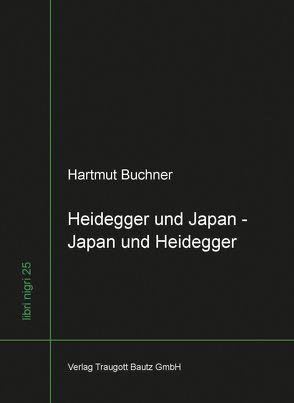 Heidegger und Japan – Japan und Heidegger von Buchner,  Hartmut, Sepp,  Hans Rainer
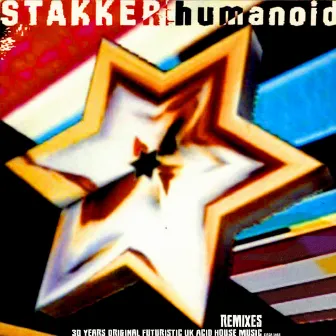 Stakker Humanoid - Remixes by Humanoid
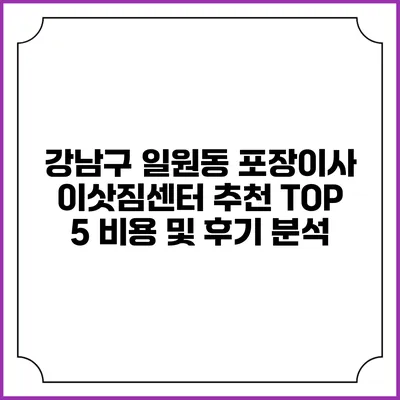 강남구 일원동 포장이사 이삿짐센터 추천 TOP 5: 비용 및 후기 분석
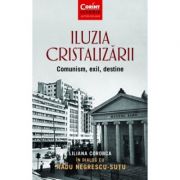 Iluzia Cristalizarii
Comunism, Exil, Destine (Liliana Corobca in dialog cu Radu Negrescu-Sutu)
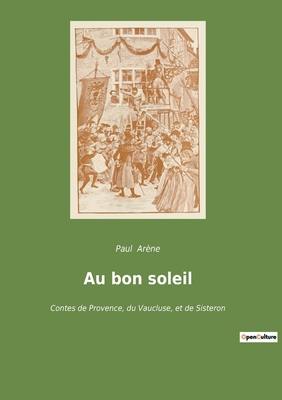 Au bon soleil: Contes de Provence, du Vaucluse,... [French] 2382746602 Book Cover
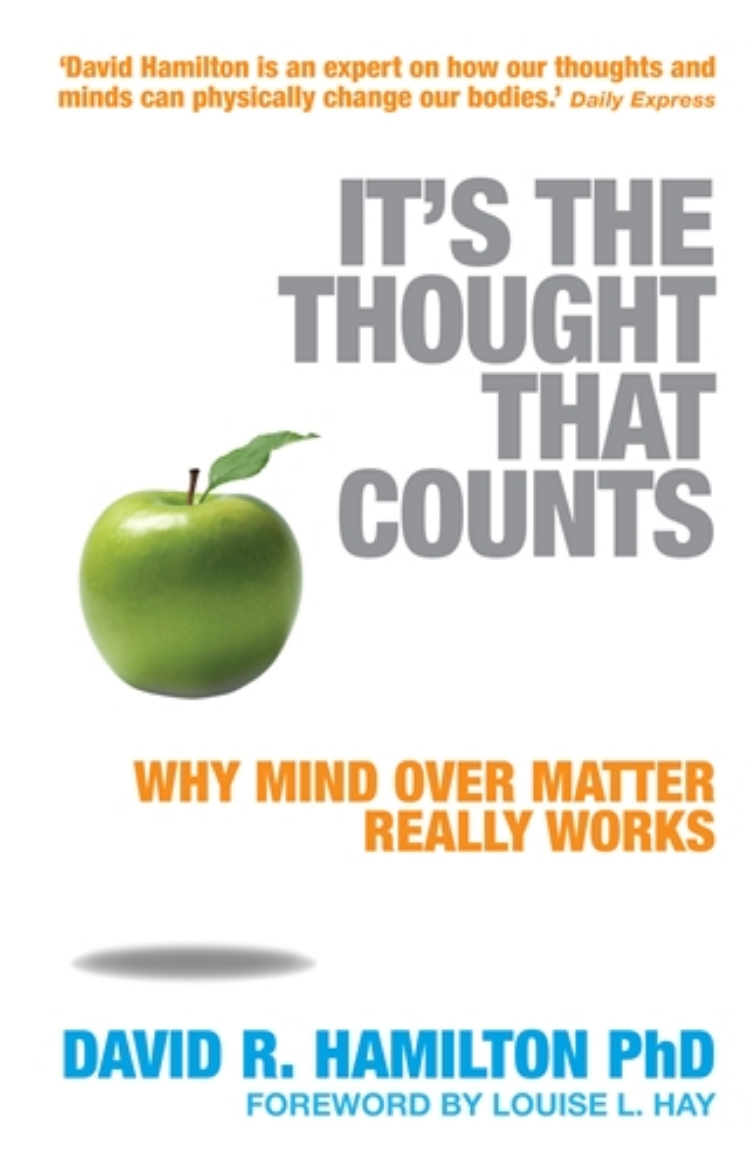 Picture of Its the thought that counts - why mind over matter really works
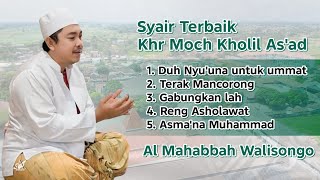 Download lagu ALBUM SYAIR MENYENTUH HATI - KHR MOCH KHOLIL AS'AD - AL MAHABBAH WALISONGO mp3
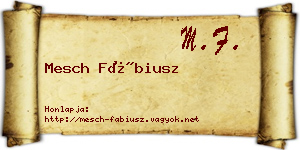 Mesch Fábiusz névjegykártya
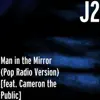 Man in the Mirror (Pop Radio Version) [feat. Cameron The Public] song lyrics
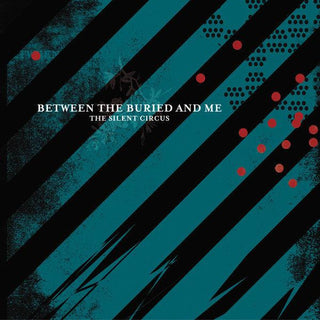 Between The Buried And Me- The Silent Circus (2014 Reissue) - DarksideRecords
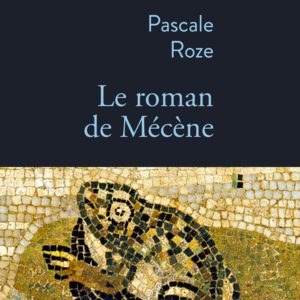 LE ROMAN DE MECENE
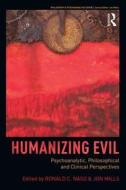Humanizing Evil di Ronald C. Naso edito da Taylor & Francis Ltd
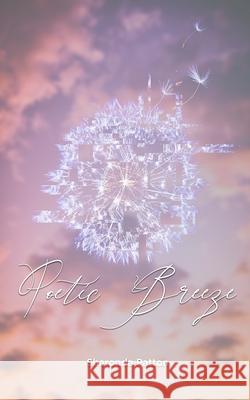 Poetic Breeze Nicole Burnette Sheronda Patton 9781080813841 Independently Published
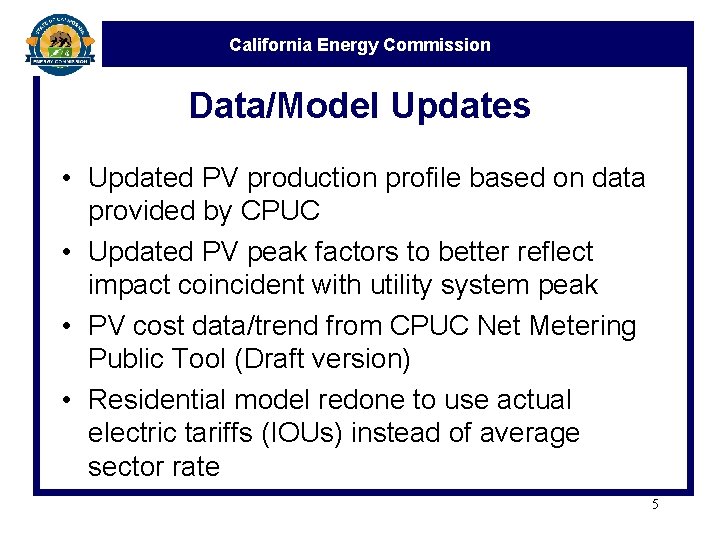 California Energy Commission Data/Model Updates • Updated PV production profile based on data provided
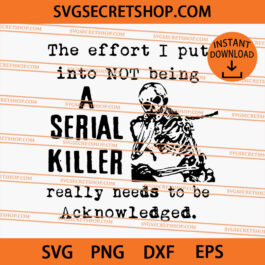 The Effort I Put Into Not Being A Serial Killer Really Needs To Be Acknowledged SVG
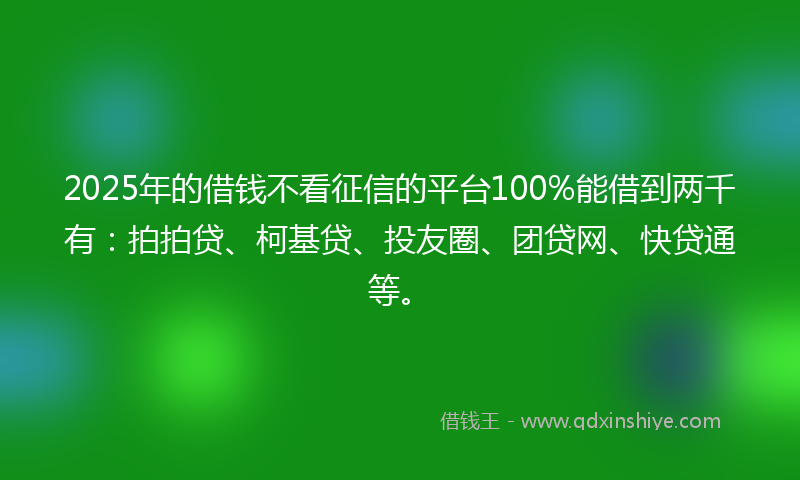 2025年的借钱不看征信的平台100%能借到两千有：拍拍贷、柯基贷、投友圈、团贷网、快贷通等。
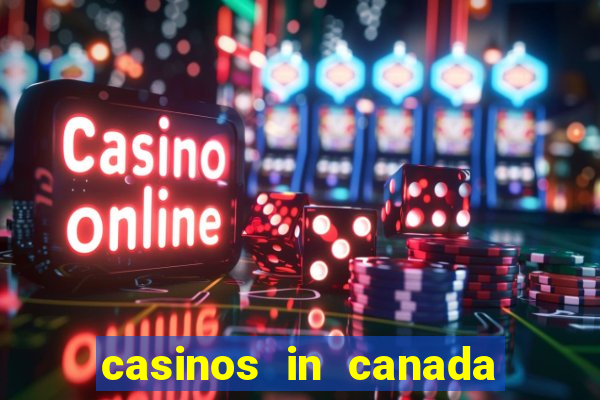 casinos in canada niagara falls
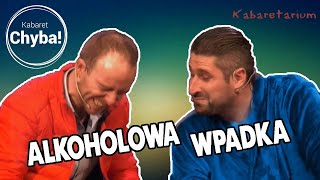 Kabaret Chyba  Wpadka z alkoholem  Zobacz co się stało  PEŁNA WERSJA 🤯🤣 [upl. by Fredel]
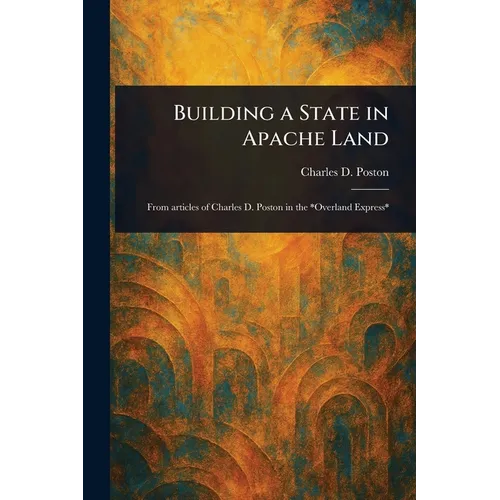 Building a State in Apache Land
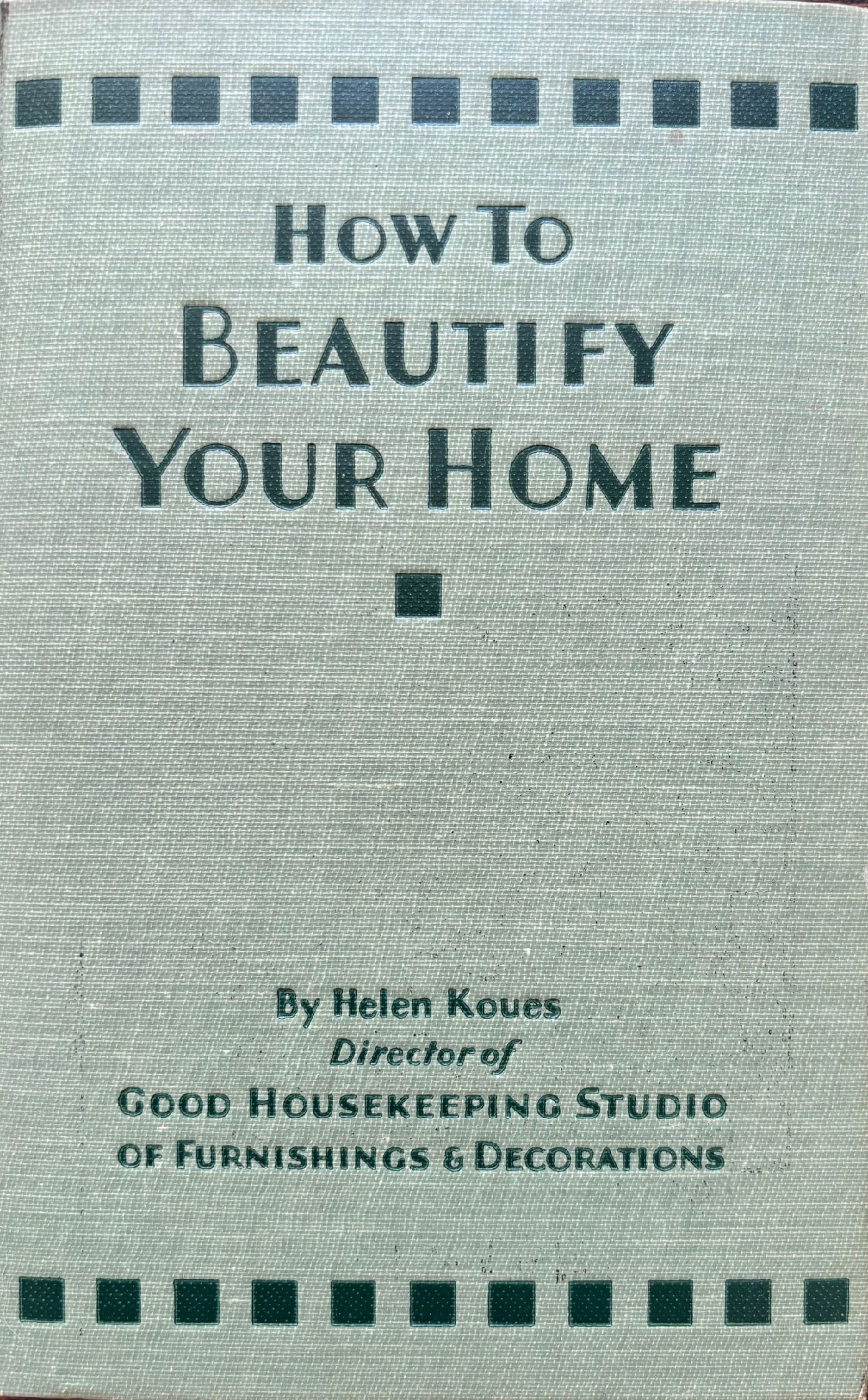 (*NEW ARRIVAL*) (Etiquette) Helen Koues. How to Beautify Your Home and Be Your Own Decorator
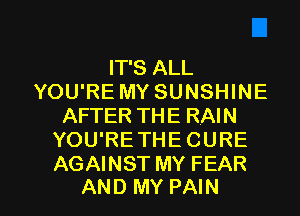 IT'S ALL
YOU'RE MY SUNSHINE
AFTER THE RAIN
YOU'RETHE CURE
AGAINST MY FEAR

AND MY PAIN l
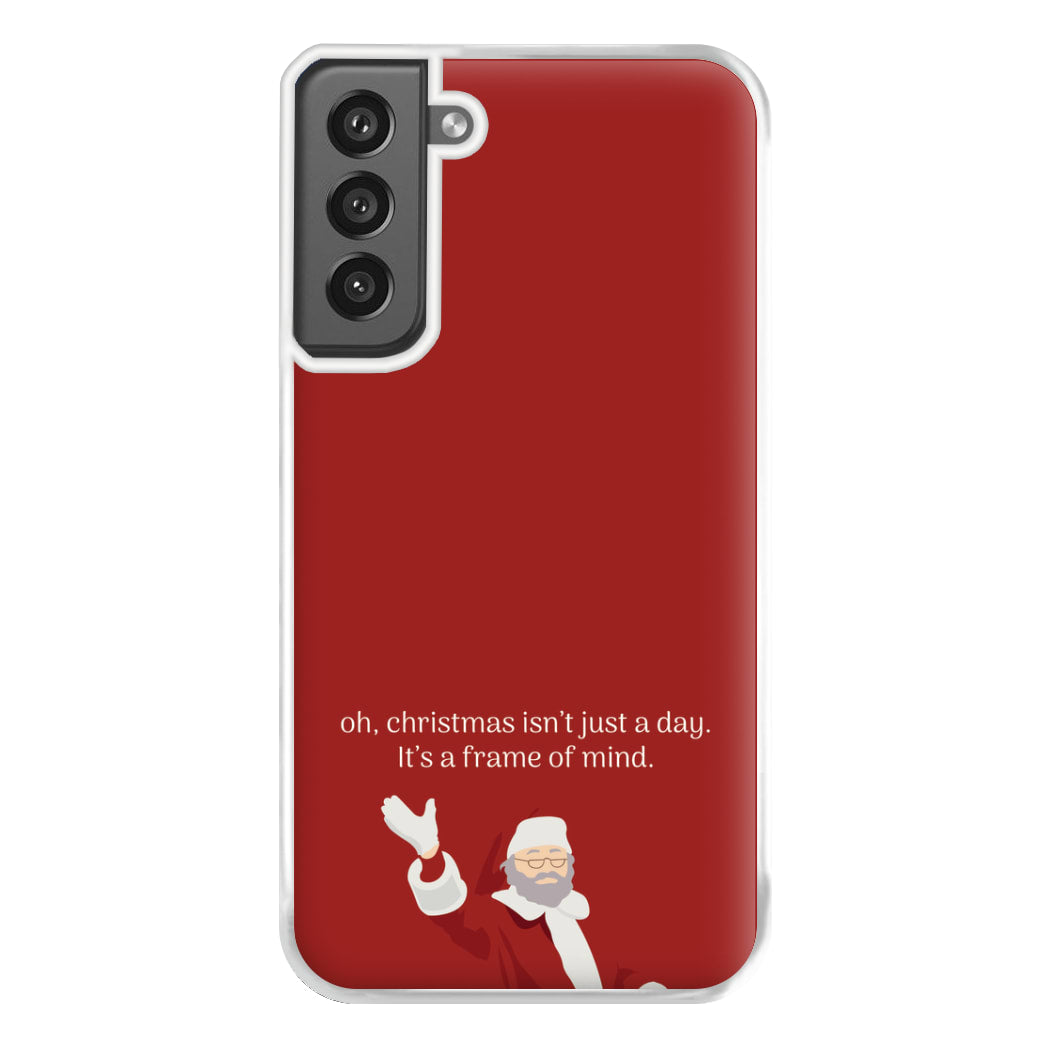 Christmas Isn't Just A Day - Christmas Phone Case for Galaxy S21FE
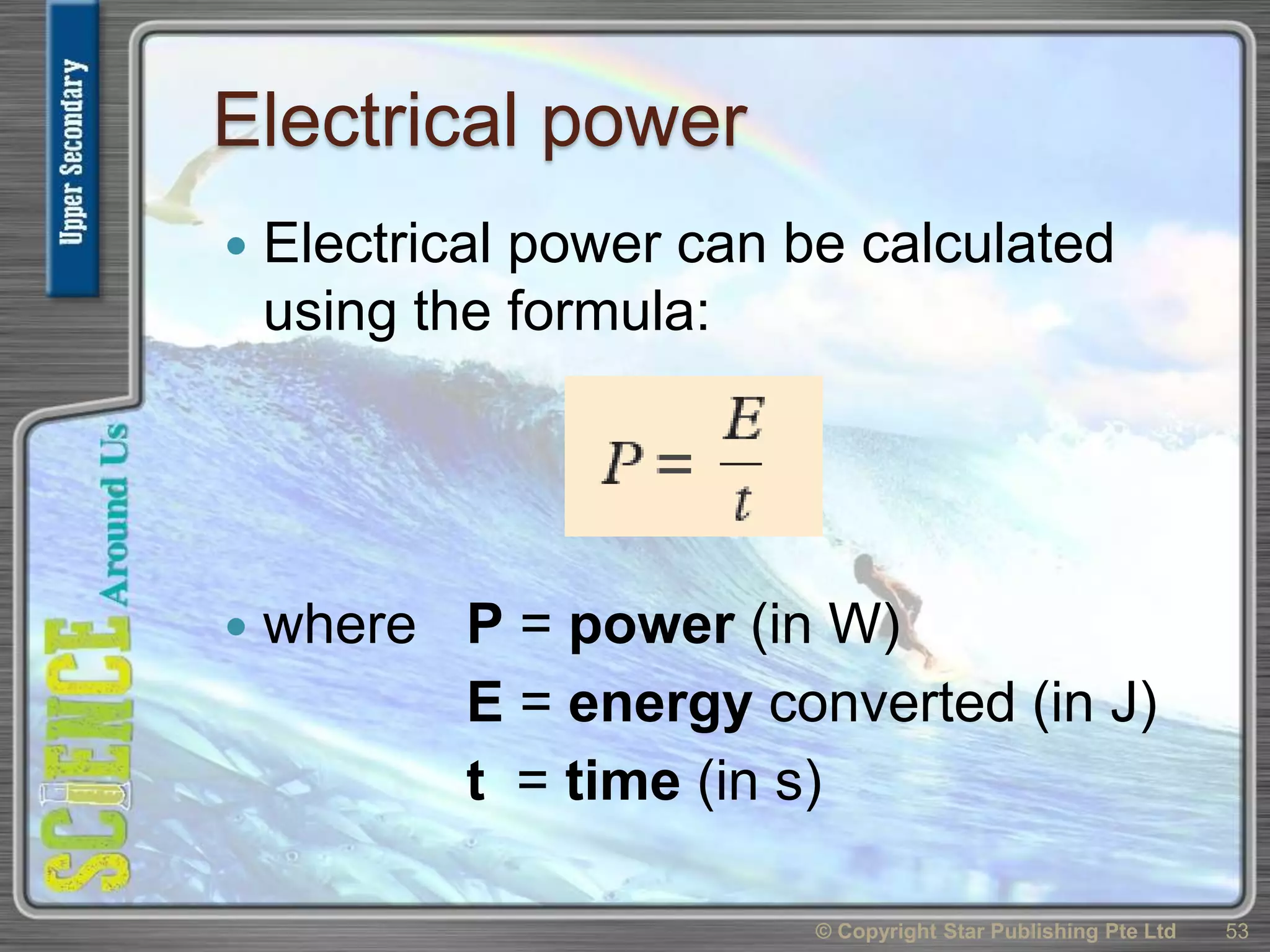 Electrical power
 Electrical power can be calculated
using the formula:
 where P = power (in W)
E = energy converted (in J)
t = time (in s)
© Copyright Star Publishing Pte Ltd 53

########

**TASK DETAILS**
Each record above needs to be copied exactly, with images left out.

**SOLUTION TO THIS EXERCISE**
 Heidegger und Japan – Japan und Heidegger von Buchner,  Hartmut, Sepp,  Hans Rainer
 Stakker Humanoid - Remixes by Humanoid
 강남구 일원동 포장이사 이삿짐센터 추천 TOP 5: 비용 및 후기 분석
 Iluzia Cristalizarii
Comunism, Exil, Destine (Liliana Corobca in dialog cu Radu Negrescu-Sutu)
 Au bon soleil: Contes de Provence, du Vaucluse,... [French] 2382746602 Book Cover
 Picture of Its the thought that counts - why mind over matter really works
 Download lagu ALBUM SYAIR MENYENTUH HATI - KHR MOCH KHOLIL AS'AD - AL MAHABBAH WALISONGO mp3
 Mesch Fábiusz névjegykártya
 Man in the Mirror (Pop Radio Version) [feat. Cameron The Public] song lyrics
 Between The Buried And Me- The Silent Circus (2014 Reissue) - DarksideRecords
 LE ROMAN DE MECENE
Humanizing Evil di Ronald C. Naso edito da Taylor & Francis Ltd
 Poetic Breeze Nicole Burnette Sheronda Patton 9781080813841 Independently Published
 California Energy Commission Data/Model Updates • Updated PV production profile based on data provided
 The Effort I Put Into Not Being A Serial Killer Really Needs To Be Acknowledged SVG
 2025年的借钱不看征信的平台100%能借到两千有：拍拍贷、柯基贷、投友圈、团贷网、快贷通等。
 casinos in canada niagara falls
 Kabaret Chyba  Wpadka z alkoholem  Zobacz co się stało  PEŁNA WERSJA 🤯🤣 [upl. by Fredel]
 Building a State in Apache Land
 (*NEW ARRIVAL*) (Etiquette) Helen Koues. How to Beautify Your Home and Be Your Own Decorator
 IT'S ALL
YOU'RE MY SUNSHINE
AFTER THE RAIN
YOU'RETHE CURE
AGAINST MY FEAR

AND MY PAIN l
 Christmas Isn't Just A Day - Christmas Phone Case for Galaxy S21FE
 Electrical power
 Electrical power can be calculated
using the formula:
 where P = power (in W)
E = energy converted (in J)
t = time (in s)
© Copyright Star Publishing Pte Ltd 53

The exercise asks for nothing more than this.